Enterprise SSD write performance is conventionally reported as steady-state performance rather than peak performance. Sustained writing to a flash-based SSD usually causes performance to drop as the drive's spare area fills up and the SSD needs to spend some time on background work to clean up stale data and free up space for new writes. Conventional wisdom holds that writing several times the drive's capacity should be enough to get a drive to steady-state, because nobody actually ships SSDs with greater than 100% overprovisioning ratios. In practice things are sometimes a bit more complicated, especially for SATA drives where the host interface can be such a severe bottleneck. Real-world write performance ultimately depends not just on the current workload, but also on the recent history of how a drive has been used, and no single performance test can capture all the relevant effects.

4kB Random Write

Steady-state random write throughput is determined mostly by how much spare area a drive has: the product of its capacity and overprovisioning ratio. That's how the 1.6TB DeraStor Haishen3 H3100 (2TB raw) is able to beat the 8TB and 7.68TB models that have very slim OP ratios. It's also how the Micron 5100 MAX SATA drive is able to beat several NVMe drives. The 6.4TB drives combine high OP and high raw capacity and take the top three spots among the flash-based SSDs. The Samsung PM1725a is the slowest of those three despite carrying the highest write endurance rating, likely because the older Samsung 48L flash it used has worse program or erase times than the IMFT 64L flash used by the DERA and Memblaze drives. And of course, the Optane SSD performs far beyond what any of these drives can sustain, because it doesn't have to shuffle around data behind the scenes while performing really slow block erase operations.

4kB Random Write (Power Efficiency)
Power Efficiency in kIOPS/W Average Power in W

The steady-state random write test pushes each drive to its power limits. That brings the most power-hungry high-capacity 16-channel drives up to almost 20W, which is about as much as the U.2 form factor can reasonably handle.

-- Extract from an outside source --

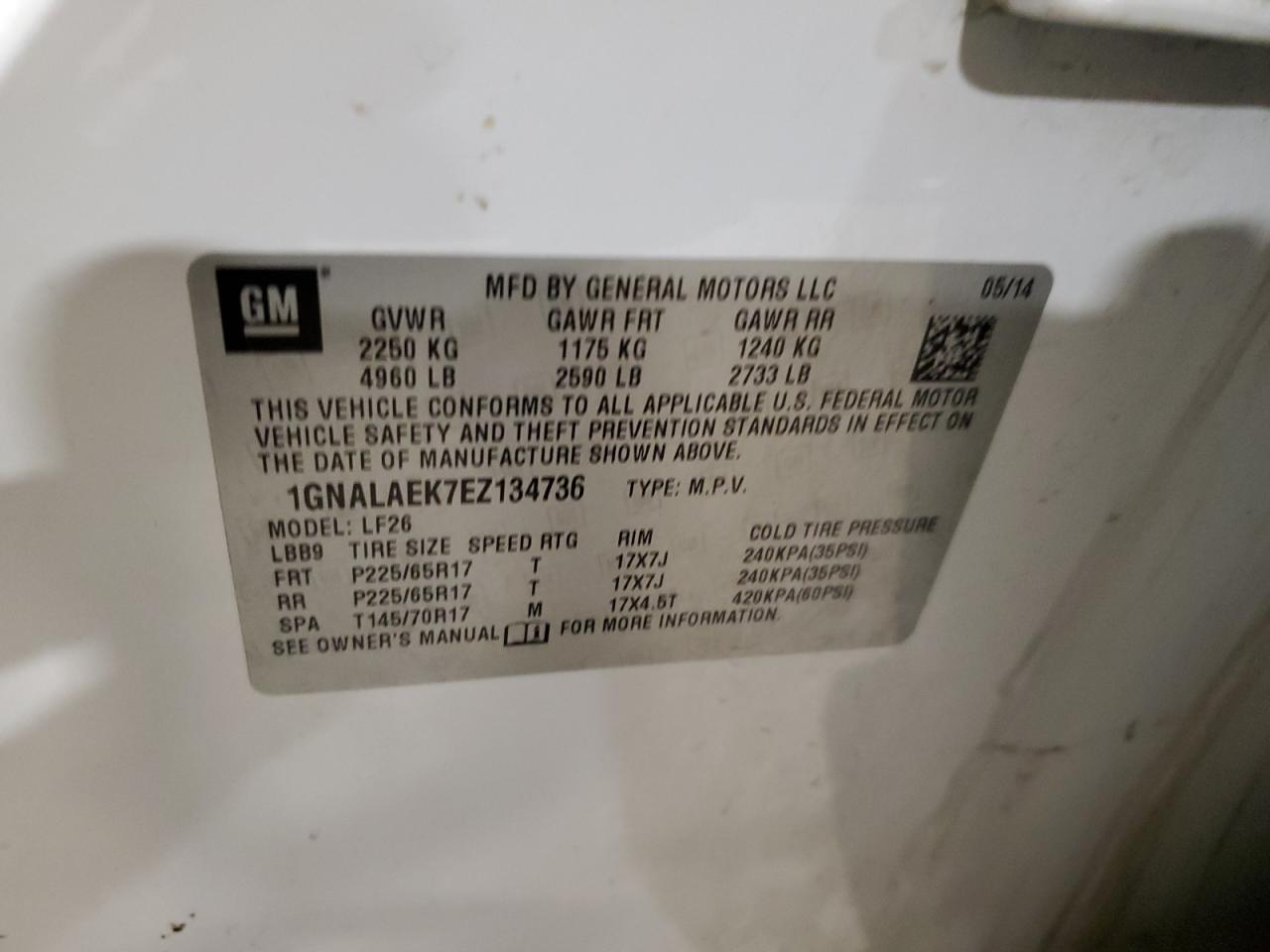 2014 Chevrolet Equinox VIN 1GNALAEK7EZ134736 Copart auction photo, rear end / mechanical damage thumbnail 13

The Optane SSD and the handful of drives with high OP turn in the best efficiency scores. Among the drives with low OP and write endurance ratings around 1 DWPD, the Intel P4510 seems to score best, and the 16-channel DERA D5437 is slightly more efficient than the 8-channel SK hynix PE6011.

 

To analyze random write latency vs throughput, we run the same kind of test as for random reads: writing at a series of fixed rates rather than at fixed queue depths. These results show two probable artifacts of our test procedure that we haven't fully investigated. First, latency at the slowest IO rates is excessively high, which may be a result of how fio's completion latency measurement interacts with its rate-limiting mechanism. There's also a dip in latency right before 100k IOPS, which is where this test switches from using 8 threads to 16 threads. Threads that are relatively busy and don't spend much time sleeping seem to have noticeably better response times. It might be possible to eliminate both of these effects by playing around with scheduler and power management settings, but for this review we wanted to stick to the defaults as much as reasonably possible.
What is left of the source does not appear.